Short text fragments from websites:
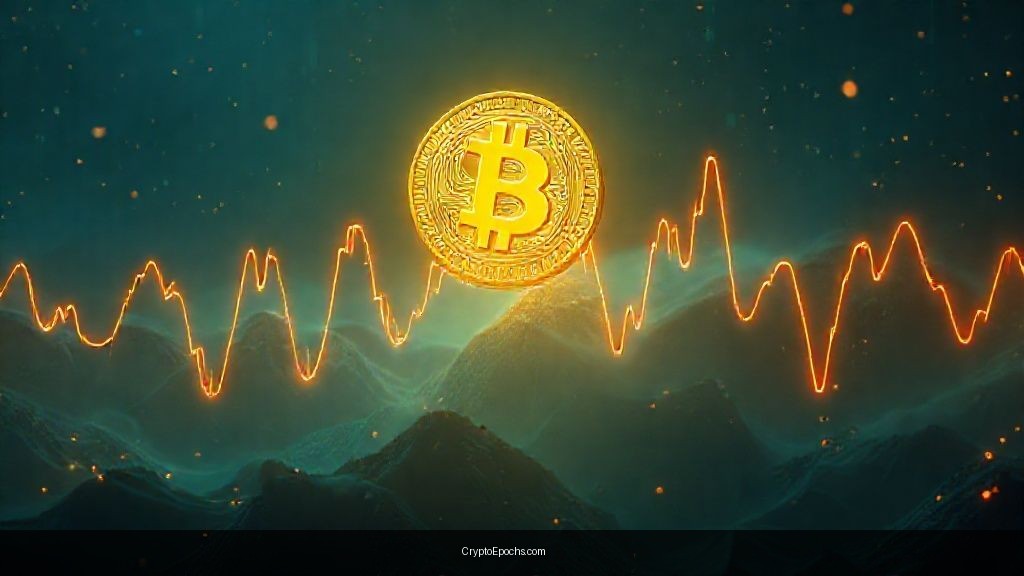 Bitcoin Buyers Face Warning Signal From Bollinger Bands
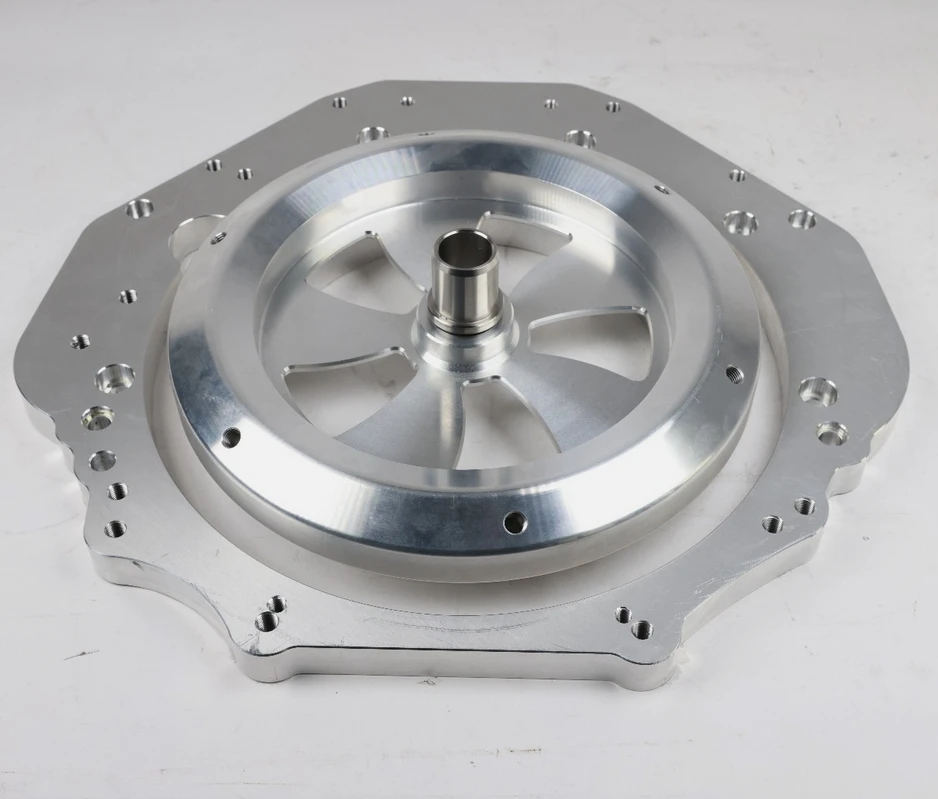 Billet Adapter Kit for Toyota 1JZGTE 2JZGE 2JZGTE To 8HP70 N63 8HP90 N73 N74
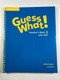 Guess What! Level 2 - Teacher's Book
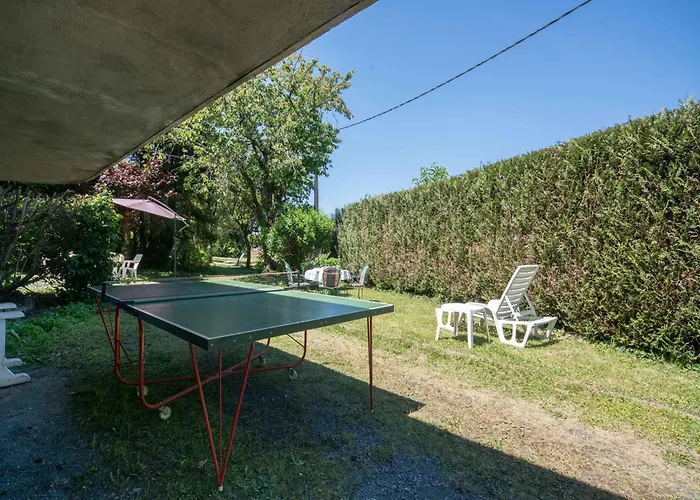 Quaint With Garden * Payzac (Dordogne)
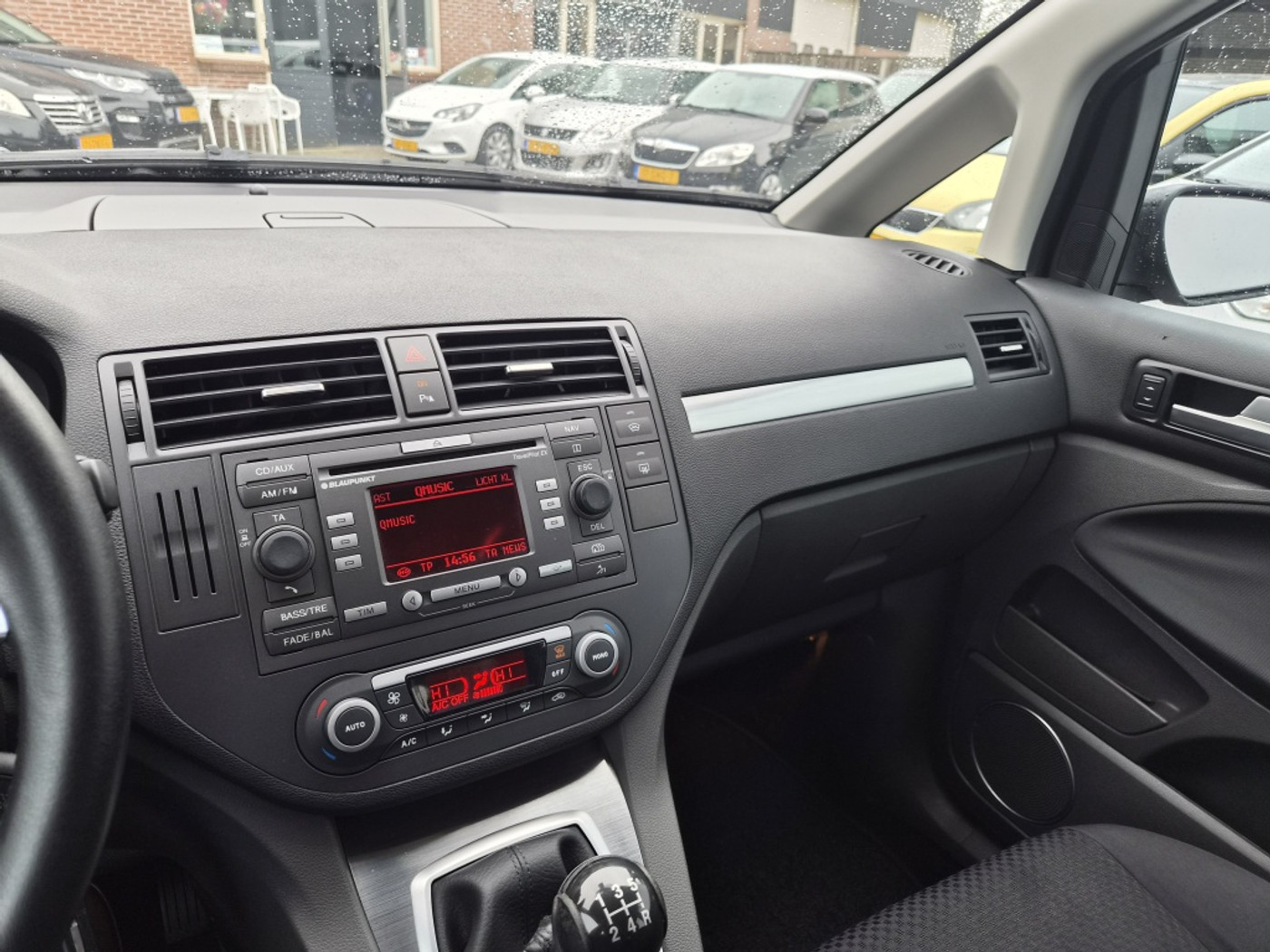 Foto van Ford Focus C-max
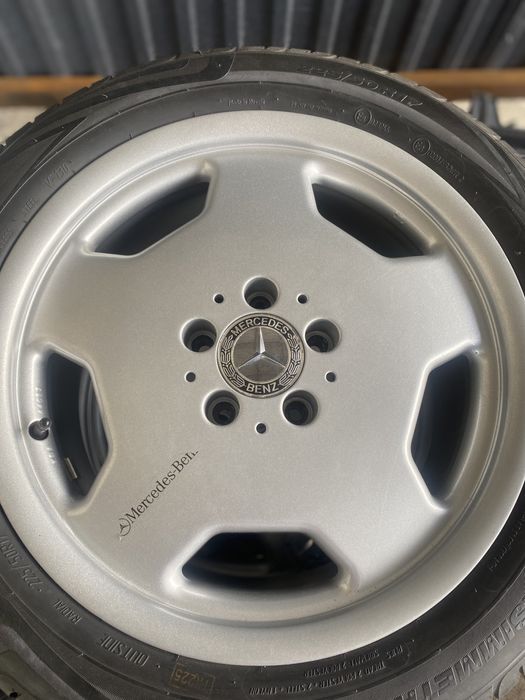 Диски с резиной лупарь 210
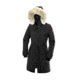 Canada Goose Kensington Parka - Women's-Black-X-Large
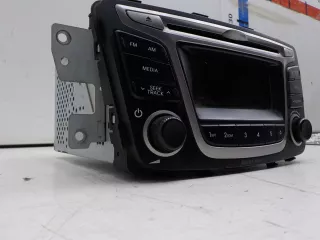 961704L050RDR Магнитола Hyundai Solaris 2 Арт 644296, вид 2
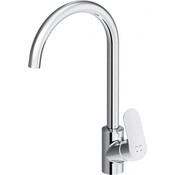 Смеситель для кухни Am.Pm Like F80E07100, Цвет производителя: хром, фото 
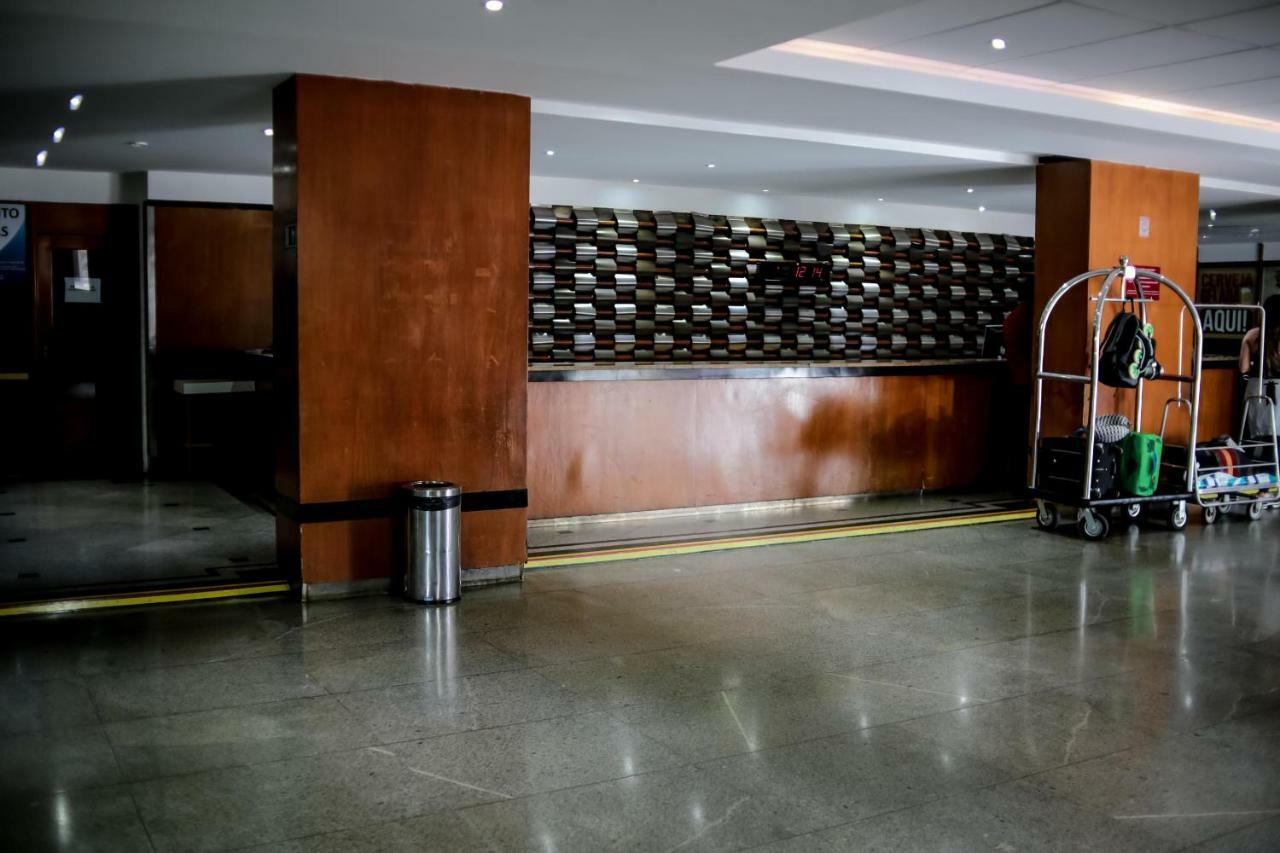S.Holding-Garvey Aparthotel Brazíliaváros Kültér fotó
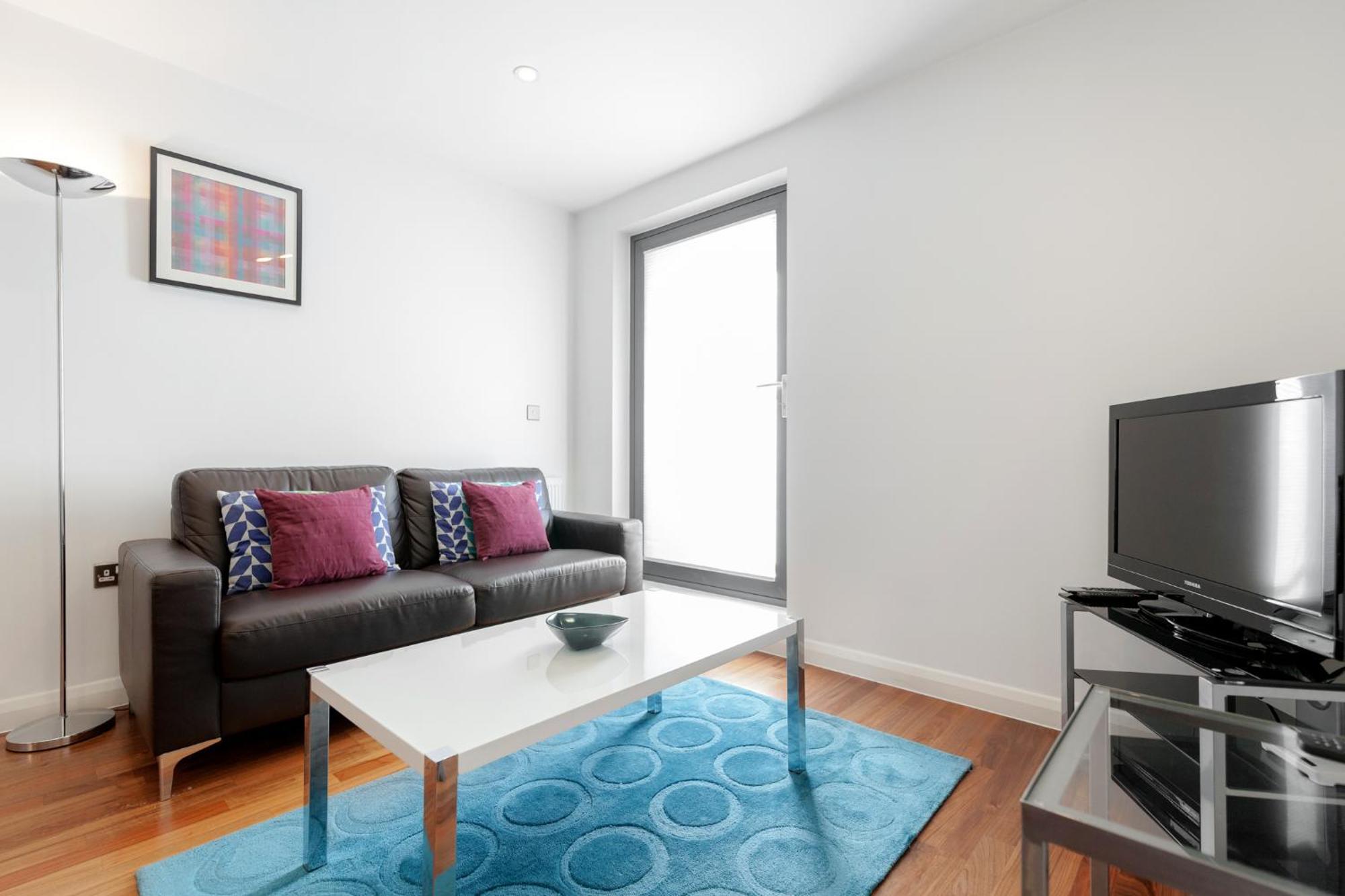 Roomspace Serviced - Chorus * Londres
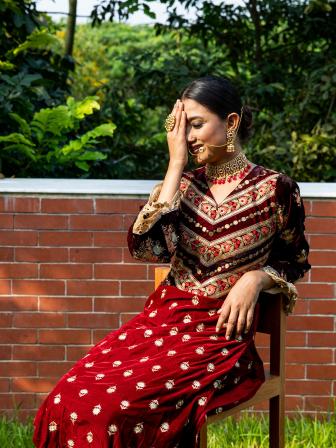 Wedding attire for millennials 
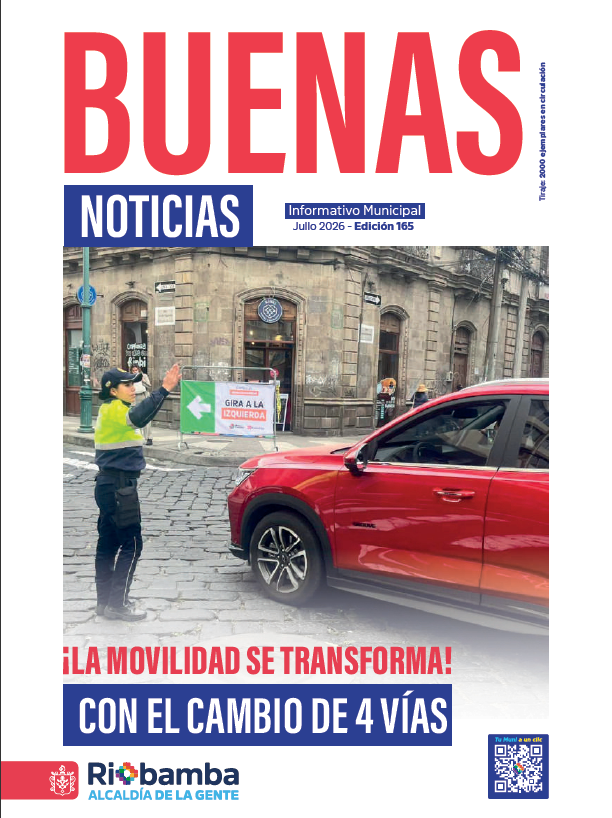 Buenas Noticias #165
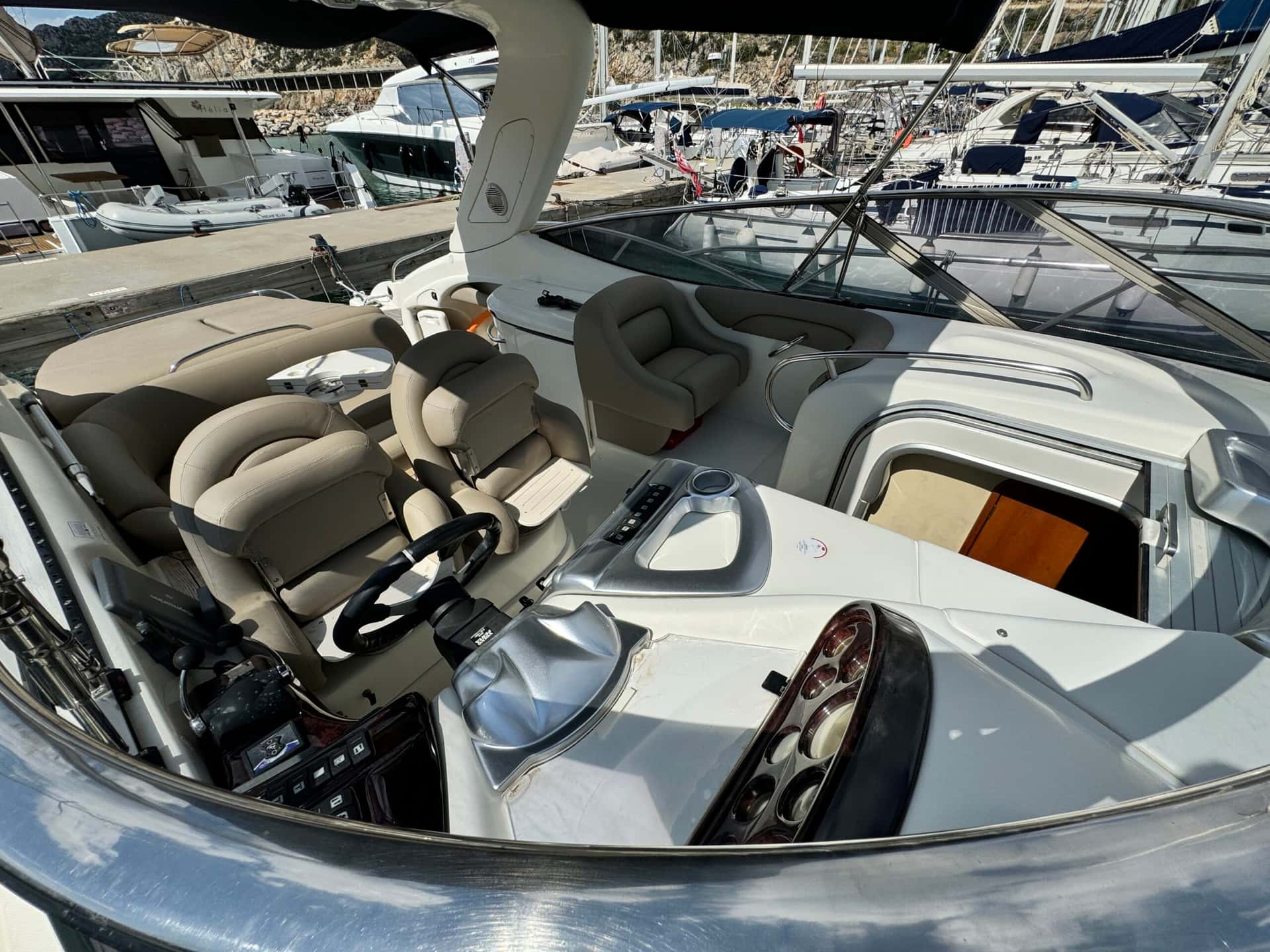 Cranchi Endurance 41 - miniatura 8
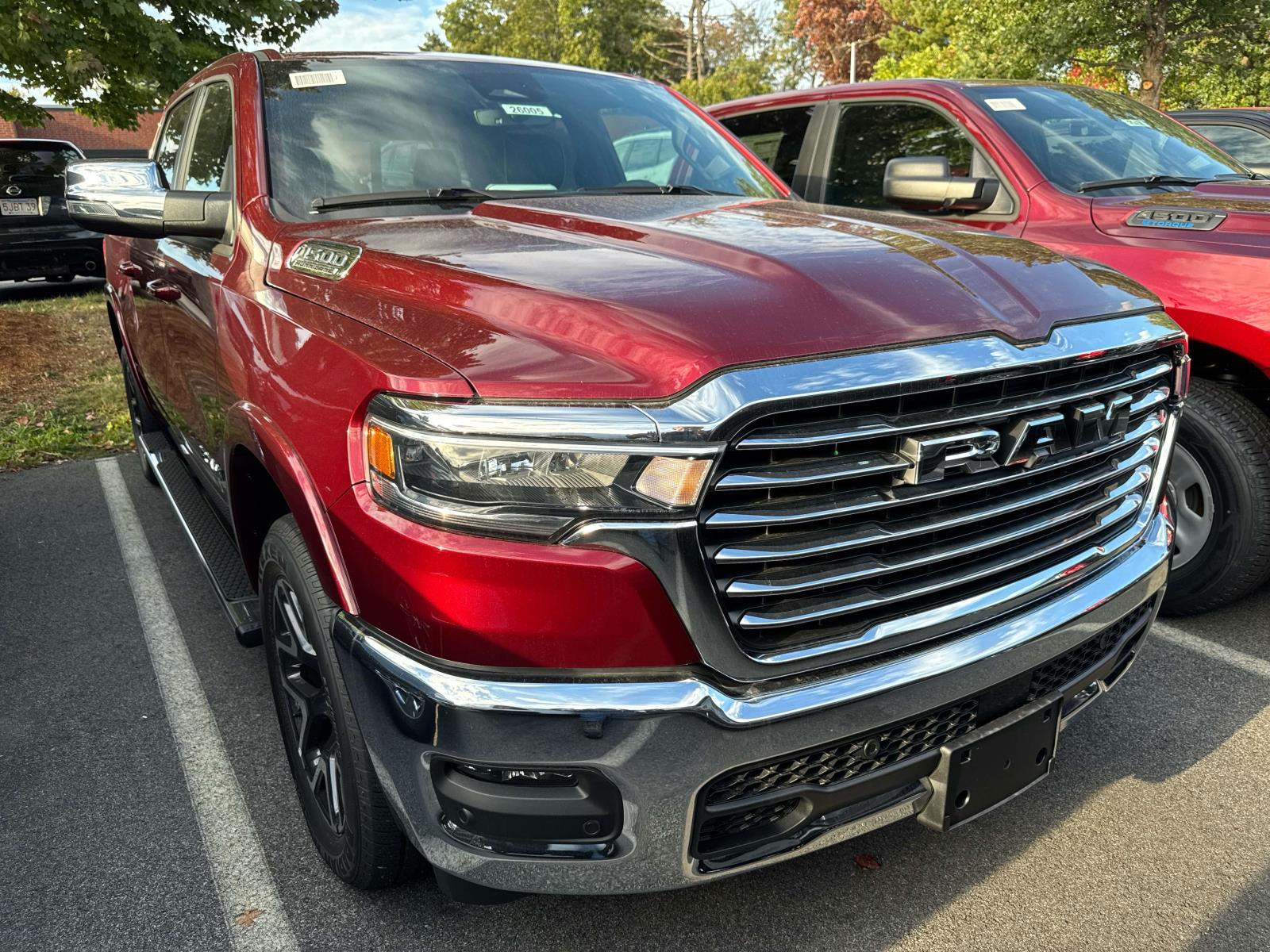 2026 Ram 1500 Laramie photo 4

▶ _Problem requirements_
The lines from the one holding "Buenas Noticias #165" to the final line of the entries are to be duplicated exactly, and the pictures are to be left out.

▶ _Exercise output_
 Buenas Noticias #165
 Cranchi Endurance 41 - miniatura 8
 2026 Ram 1500 Laramie photo 4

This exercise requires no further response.